Ans: The graph shows the probability of observing the indicated divergence
frequency in 1 MB segments of each chromosome. It indicates that there is substantial
MB-to-MB variation in the amount of divergence. It would be interesting to
correlate this result with the coding sequence density on each chromosome.
- The authors show that sequence divergence is much more rapid at CpG sites,
due to cytosine methylation (at position 5) and then deamination. What would
be the product of methylation/deamination, and why does that lead to more mutation
than other kinds of DNA damage?
Ans: methylation and deamination give T, which is not immediately recognizable
as a damaged base. If the CpG is replicated before the mismatch is repaired,
a mutation will result.
- Is there a simple bottom line for the cause of the variation in divergence
frequency across chromosomes?
Ans: No. Increased divergence is correlated with location near teleomeres (chromosome
ends) and in dark-staining bands, but we do not know mechanisms.
- *What are “indels” and how do they ay arise?
Ans: Insertions or deletions of a few nucleotides to thousands of bp. Most
are very small, probably replication errors. The large ones are due to transposable
elements like retroviruses and LINE and SINE elements.
- Figure 7 shows that old Alu mobile elements are more likely to be found
in GC-rich regions.
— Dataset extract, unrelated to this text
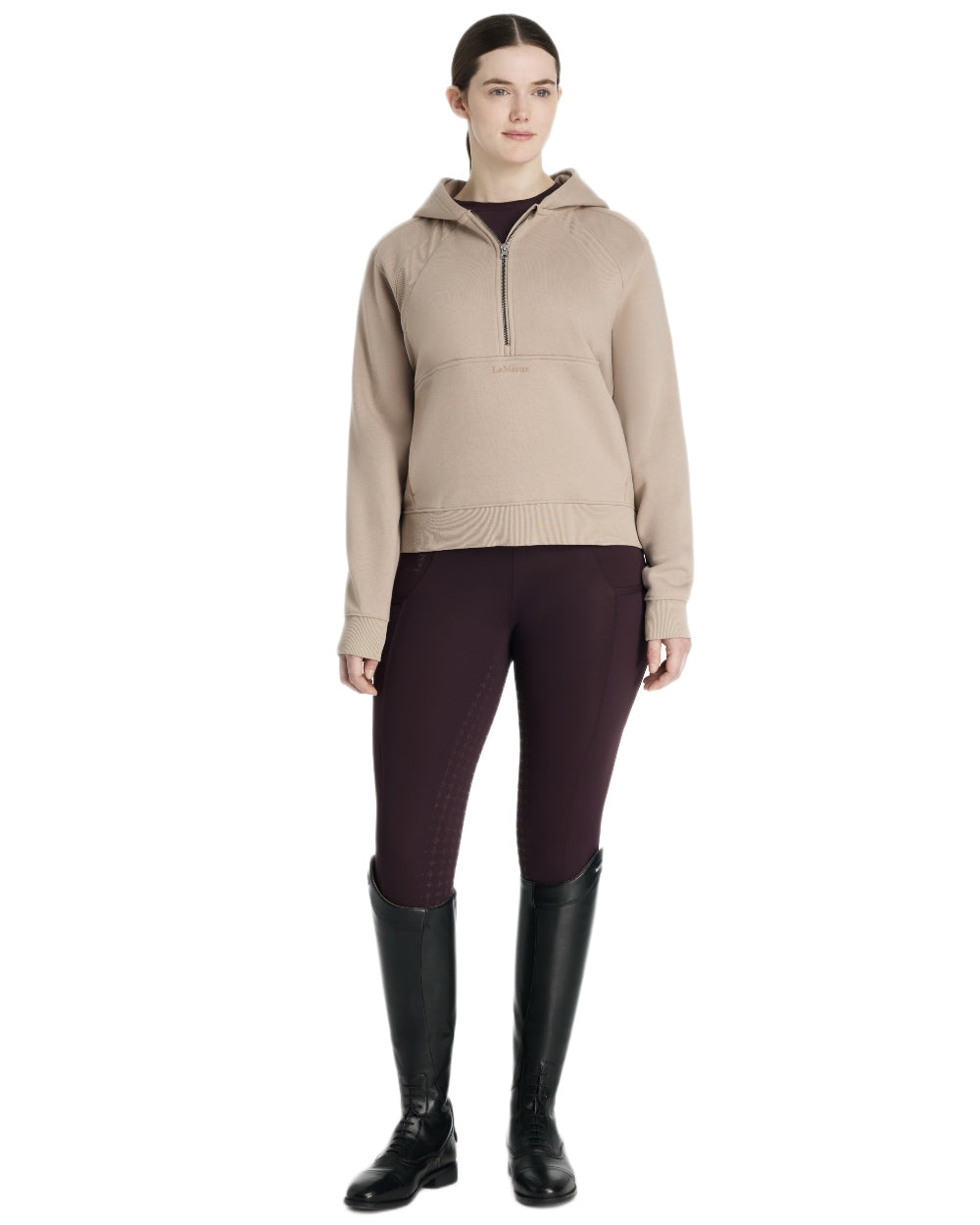 Almond coloured LeMieux Womens Henrietta Half Zip Hoodie on white background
What explanation do the authors offer?
Ans: That they are preferentially lost from AT-rich regions.
- *What are “purifying selection” and “positive selection,” and
how are they reflected in the Ka/Ks ration?
Ans: Purifying (or negative, or stabilizing) selection: changes in coding sequence
are deleterious, therefore expunged when they appear at random. This will yield
a low Ka/Ks. Positive selection: a gene that has changed rapidly as a response
to the environment, therefore has a high rate of coding sequence changes, Ka/Ks
high or even >1. See this
paper in pLoS.
- Table 3 shows that rare alleles at human polymorphic loci are more likely
to have changes in coding sequences than common alleles or between human and
chimp. The authors suggest that this reflects the genetic load of mutation.
What does this mean?
Ans: These alleles are probably less fit than the common alleles. They are
constantly popping up due to mutation but seem unlikely to be fixed. Therefore
most will eventually be purged by natural selection.
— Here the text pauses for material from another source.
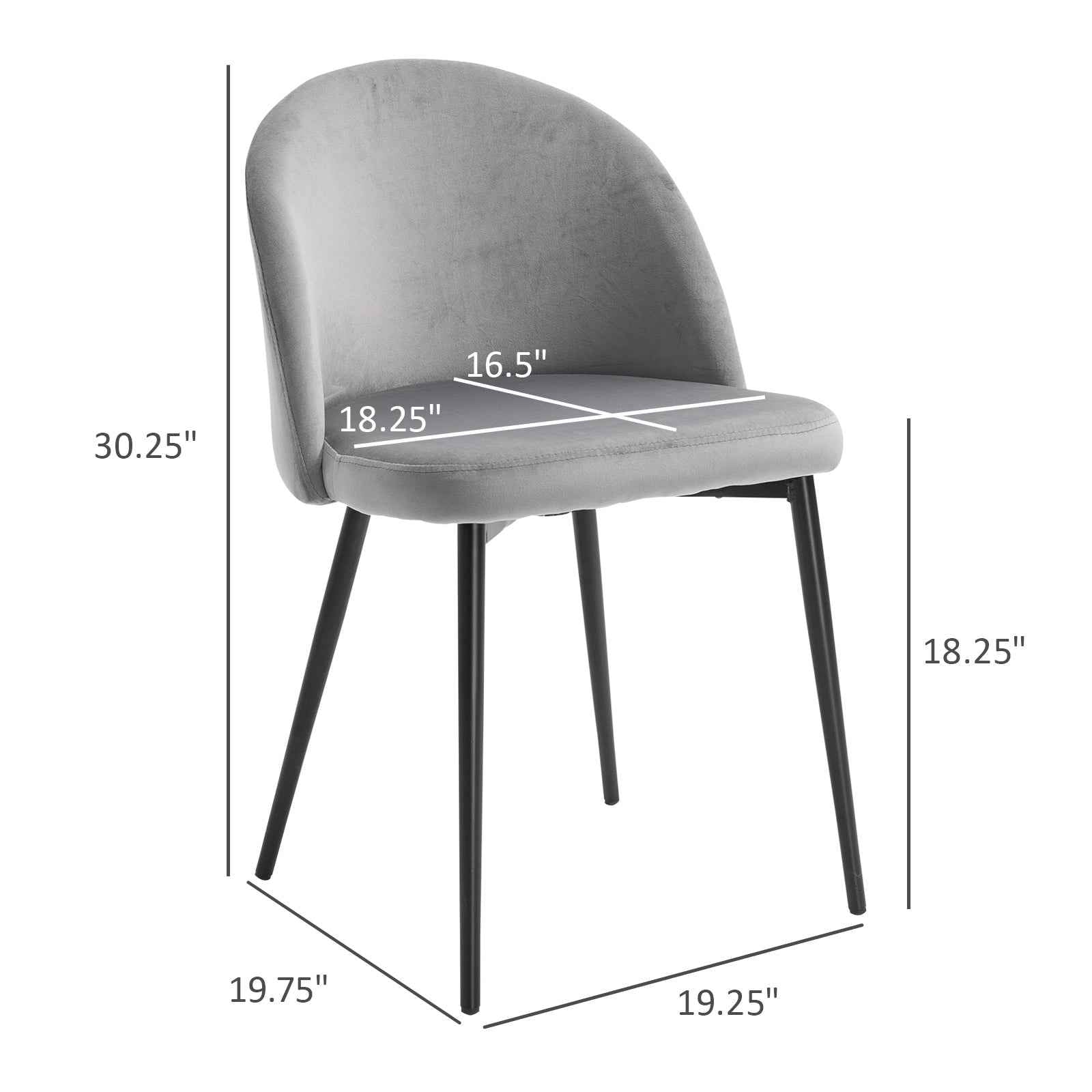 Dylan Set of 2 Mid-Back Velvet-Touch Dining Chairs-Grey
- *What’s the point of looking closely at genes that have diverged
more rapidly than other genes?
Ans: these are the ones that are most likely to have been under positive selection
during the evolution of the human lineage, or otherwise reflect milestones
in our differentiation from the apes.
- What does the dramatic dip in the middle of Figure 10 mean?
Ans: Mutation at a splice site is very rare: it will probably destroy the protein.
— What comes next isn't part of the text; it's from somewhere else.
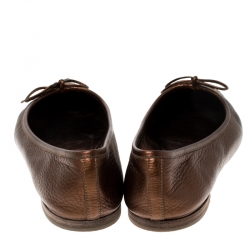 Pre Owned Gucci Golden Brown GG Leather Bow Ballet Flats Size 38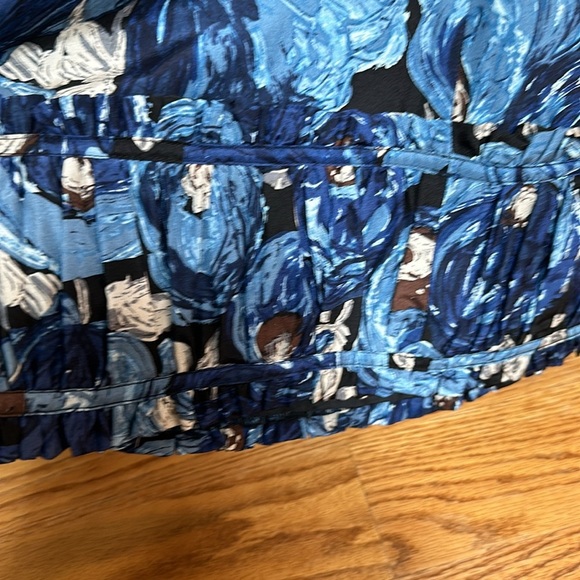 Plenty Frock! By Tracy Reese Blue & Cream Sheath Dress with Ruffle hem - Small - Picture 3 of 7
- Figure 12 suggests that transcription factors are one class of genes that
have diverged more rapidly in the evolution of humans than of chimpanzees.
If true, what does this suggest about sources of phenotypic changes? Why isn’t
the TF point an obvious outlier on Fig. 12?
Ans: Evolution through regulation rather than the sequences of structural genes.
The TF family is large, therefore a small deviation from equal Ka/Ks is statistically
meaningful, whereas for smaller families it is not.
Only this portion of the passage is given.